Data supplied:
———

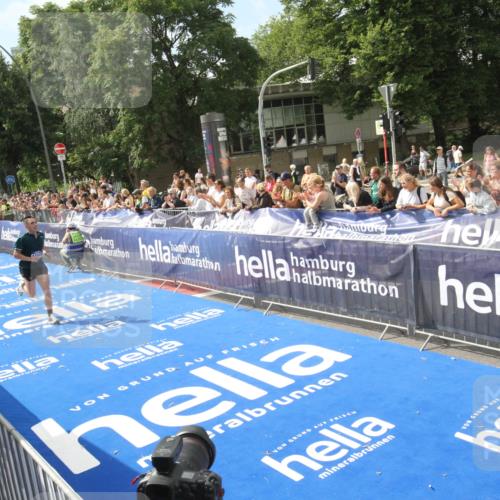 29.06.2025 - hella hamburg halbmarathon Michael Strokosch http://msf.ph/oto/8535381 29.06.2025 10:14:01 Ziel  meine-sportfotos.de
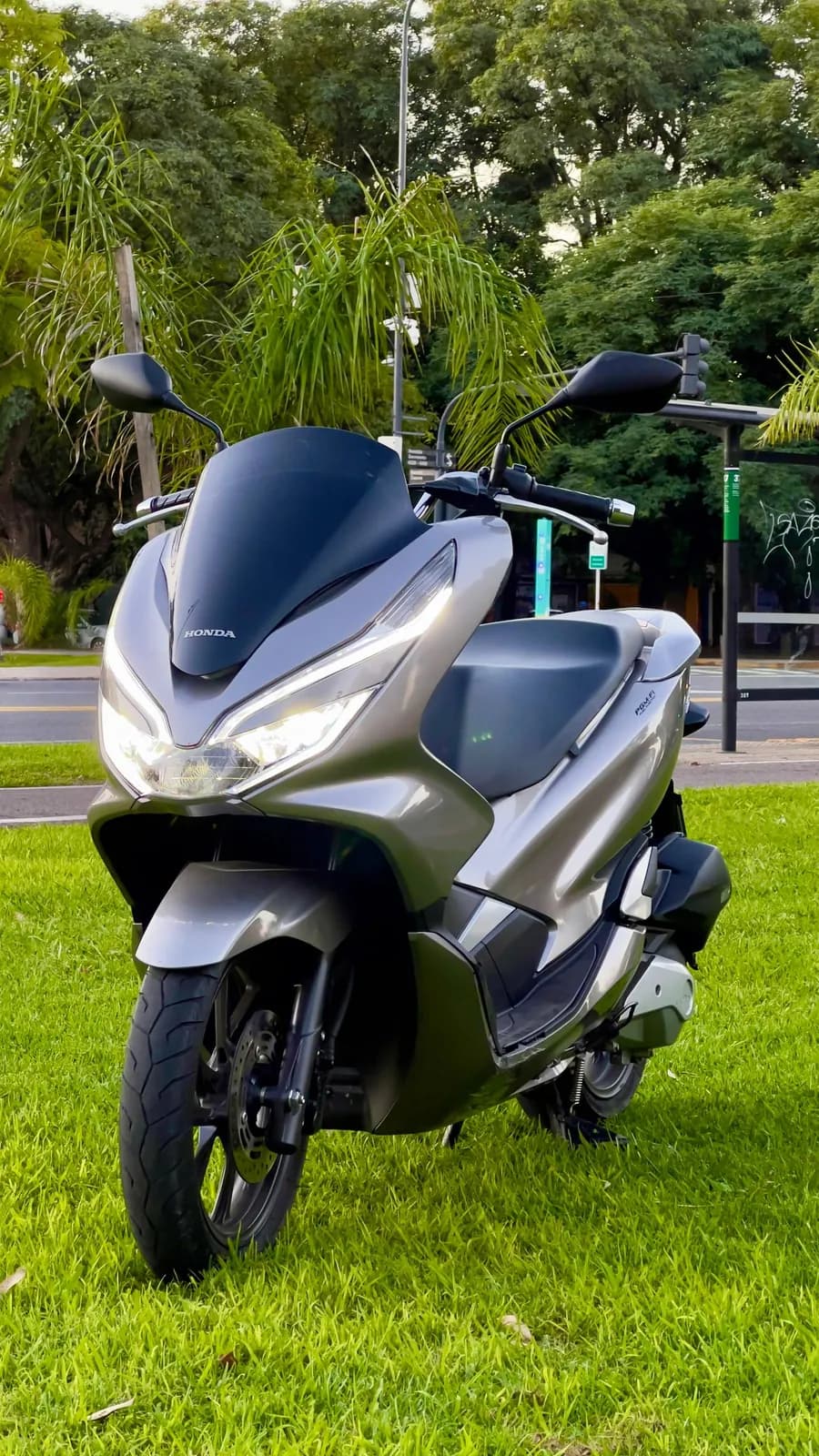 Скутер Honda PCX 150 2020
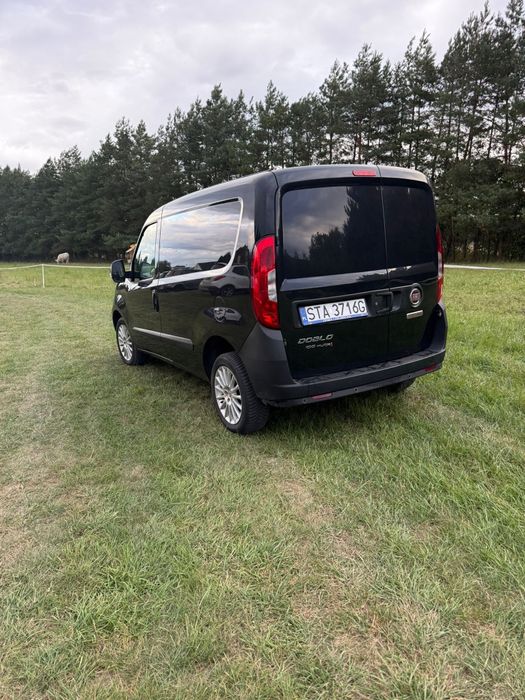 Fiat Doblo 1.6 bogata wersja 3 osbawy super stan 2017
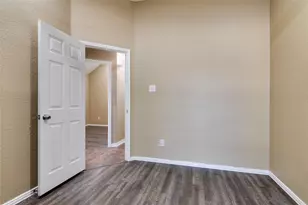7704 Chandler Ct, North Richland Hills, TX 76182 - Photo 19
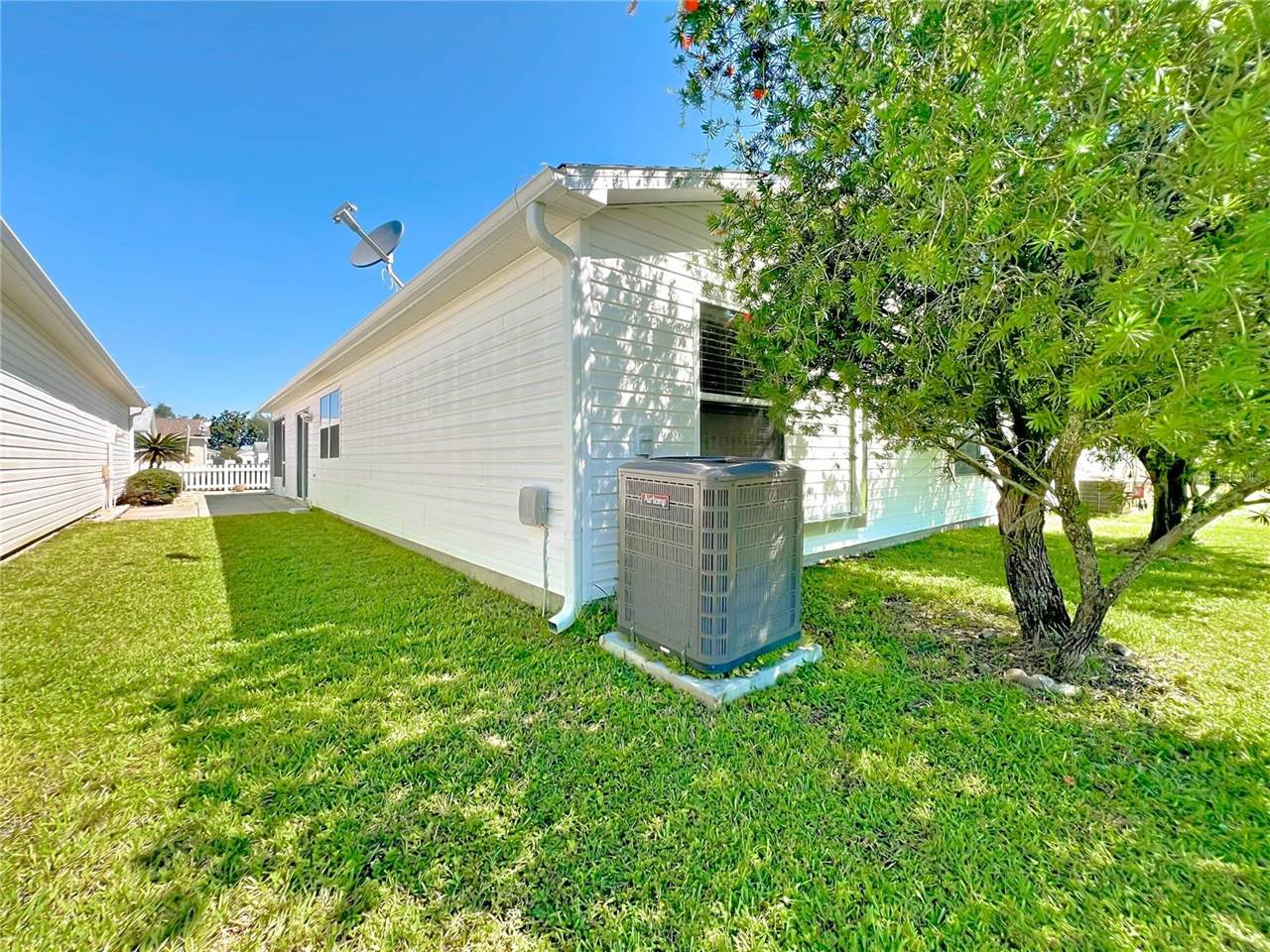 2140 Estevez Drive, The Villages, FL 32159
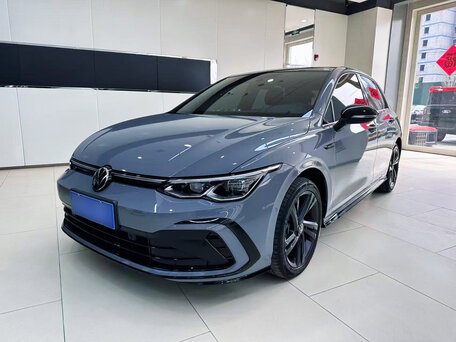 Volkswagen Golf VIII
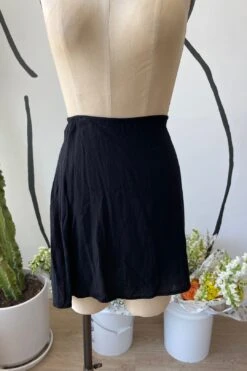 Sample Sale Noel Skirt In Black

———

Work order: Only one thing is required here: an exact copy of the lines from the one bearing "2140 Estevez Drive, The Villages, FL 32159" through the final line above, both included, with pictures left out.

Result of this exercise:
 2140 Estevez Drive, The Villages, FL 32159
 Volkswagen Golf VIII
 Sample Sale Noel Skirt In Black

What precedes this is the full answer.